Cuplikan adegan film Bohemian Rhapsody di atas, sedikit banyaknya mewakili gambaran seperti apa industri arus utama itu ‘dimasak’, dengan apa yang Ray Foster sebut ‘formula’. Seberapa sering kita mendengar lagu-lagu dengan tema patah hati? Tema perselingkuhan? Atau mungkin kita masih ingat dengan segala macam tren musik yang pernah ada di Indonesia, dari demam pop melayu hingga ‘korean wave’, yang menjadi rujukan para produser musik membuat ‘formula’ itu tadi.

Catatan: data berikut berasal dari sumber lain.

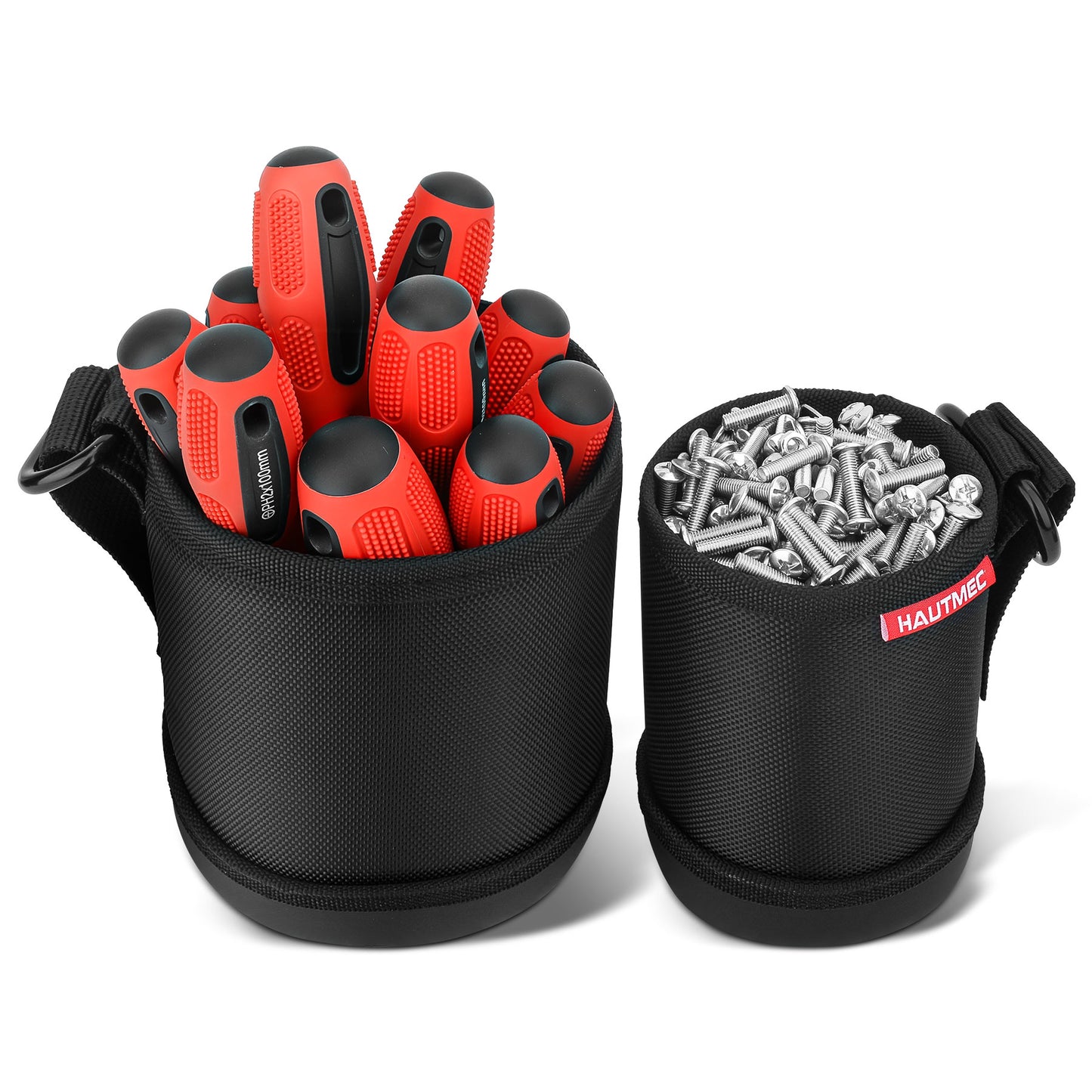 HAUTMEC Tool Pouch Combo Set, Heavy Duty 1680D Wear-Resistant Utility Tool Bags with EVA Molded Base, Drawstring Closure and Clip Hook, Ideal for Screws, Nails, Small Tools, HT0404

Untungnya harapan akan musik dengan sajian estetika karya yang baik masih bisa kita dapatkan, dari apa yang banyak orang sebut dengan musik arus pinggir atau sidestream, atau lumrah kita sebut musik ‘indie’ (meskipun ini agak rancu, karena kata indie awalnya merujuk pada sebuah pergerakan distribusi musik secara independen/mandiri, bukan mengarah pada jenis musik-imho). Para musisi atau band yang ada di jalur ini masih punya kesadaran akan pentingnya esensi dan estetika karya yang baik, ketimbang harus mengikuti ‘formula’ itu tadi. Semangatnya mungkin sama dengan apa yang Queen sajikan saat mereka bereksperimen membuat lagu “Bohemian Rhapsody”, dimana kreativitas dan eksplorasi musikal menjadi harga mati yang tidak bisa dikekang lewat aturan-aturan yang melemahkan hal itu.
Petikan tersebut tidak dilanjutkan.